┌─ Stored data

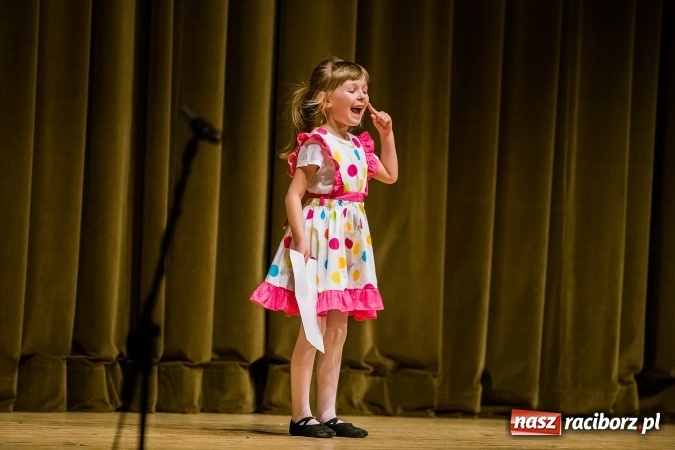 Zdjęcie w galerii na portalu naszraciborz.pl: Między światami, czyli spektakl Teatru Miodzio na scenie RCK wiadomości z regionu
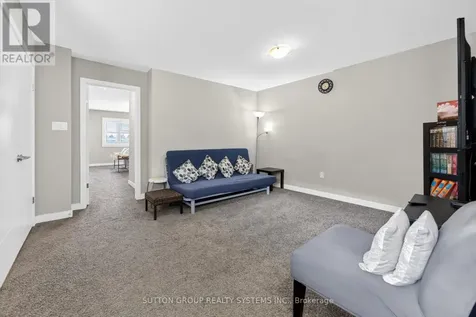 917 Robert Ferrie Drive Kitchener ON N2R 0P2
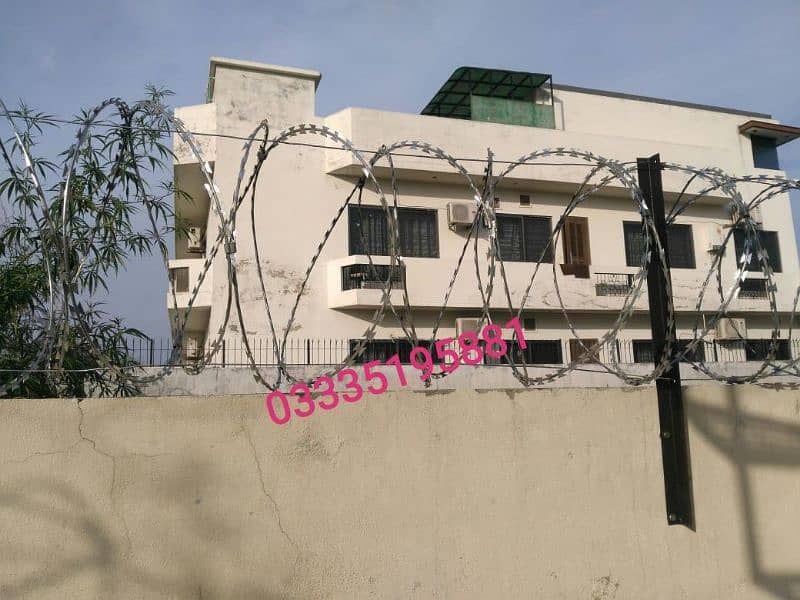 installation of Chainlink Fence Concertina Barbed Razor Wire 5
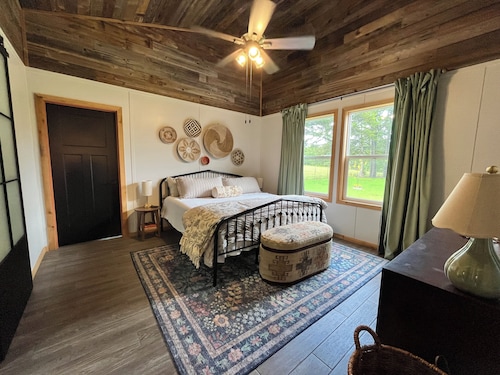 Peaceful Boho Retreat Nestled in the Woods – 5 Mins from Downtown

└─

All of the material above should be written out exactly as given, minus any images.

 Zdjęcie w galerii na portalu naszraciborz.pl: Między światami, czyli spektakl Teatru Miodzio na scenie RCK wiadomości z regionu
 917 Robert Ferrie Drive Kitchener ON N2R 0P2
 installation of Chainlink Fence Concertina Barbed Razor Wire 5
 Peaceful Boho Retreat Nestled in the Woods – 5 Mins from Downtown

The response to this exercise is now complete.